The debate regarding the relationship of jihadi violence to Islam is often caught between the argument that the former is driven by the latter and the insistence that Islam has little to do, it any, with violence. It is contaminated by the expediency among politicians and polemicists to speak of Islam’s essence as pacific or violent. Religions, and not only Islam, are a spiritual world and intellectual resource on which people draw and use for a variety of private and public purposes. Recognizing that religions respond to such needs could not obscure the fact that they limit what is acceptable or recommendable. Some argue that Quranic interpretations lead to political violence and suggest that a causal relationship. In fact, it is more often the case where political violence creates the proper conditions for an interpretation of the Quranic text in a way that justifies violence or even calls for it. If Islam is a legitimizing source of real potency, religious ideology is not the cause, and not even the main case, of violence carried out in the name of religion. But it remains essential in explaining its occurrence and sheds light on conditions that enable people to kill, no matter what the real reasons are, for self-proclaimed religious purposes.

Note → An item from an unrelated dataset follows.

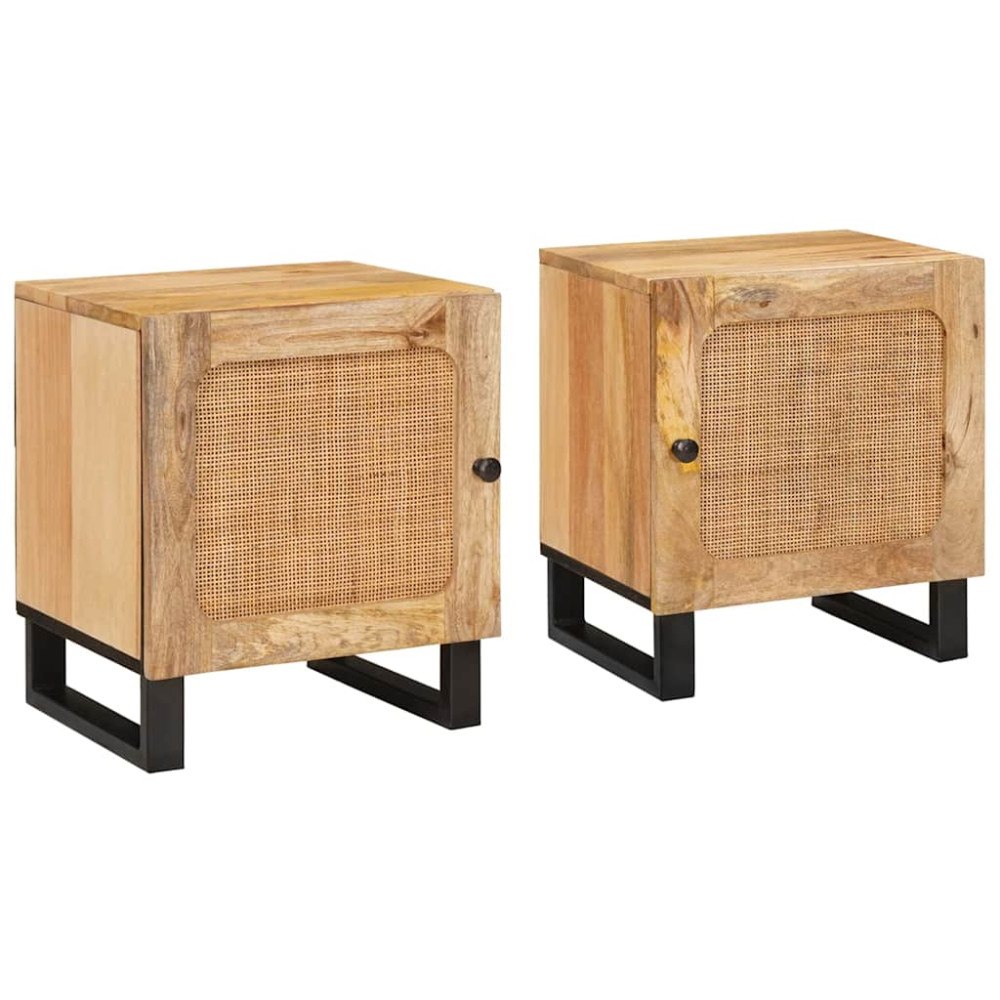 vidaXL Nattduksbord 2 pcs Naturfärg 40 x 33 x 46 cm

The instigation of an all-out war against Shi’as by ISIS is deemed sensitive to be underlined as a determining factor in its strategy by some of those who counter radical Islamists. Needless to say that this strategy takes advantage of an existing and severe polarization and manifests itself as a defining principle in regional and national politics, especially in Iraq. The greatest threat perceived by Iraqi Shiite government leaders is less jihadism than Sunni revanchism. For many of those who recognize the force of communalist or sectarian enmities, they tend to depict them as modern manifestations of ancestral hatred. They fail to see that wars, conflicts and power struggles reinvent the so-called ancestral hatred.

A number of studies, in the Arab world and in Europe, conclude that a large number of people involved in terrorism are far from being pious, in fact, many are not literate in things Islamic. They could be petty criminals who have turned to superficial religiosity and they do not kill or die for religion but for themselves. The westerners who travel to Syria and Iraq to join ISIS are not acting out of a commitment to the community of historical Islam. Rather, they are acting as isolated individuals and the Islam they embrace is fragmented and patched together out of the remnant of a large narrative. In the Arab world, Da’ich also looks for people who have little knowledge of Islam. There is limited violence in Upper Egypt which was a hotbed of radical Islam thirty years ago. It seems that the long tradition of radical Islam have inoculated many against new waves of radicalism. In Lebanon, a number of studies such as the book on Salafism authored by Saud al Mawla and a study we are about to conclude, show that most Salafist were hardly tempted to join the ranks of violent jihadist.

There is no single explanation for what drives a person to embrace violent extremism. Da’ich is far from being homogeneous. It actually includes people of different backgrounds: Baathist of Iraq, ghaddafists of Libya, former tortured prisoners, pragmatic tribal Yemenis or Syrians, psychopaths, opportunists and war profiteers, join the ranks of religious zealots. Without acknowledging this reality, policies countering extremism and promoting de-radicalization are bound to be deficient.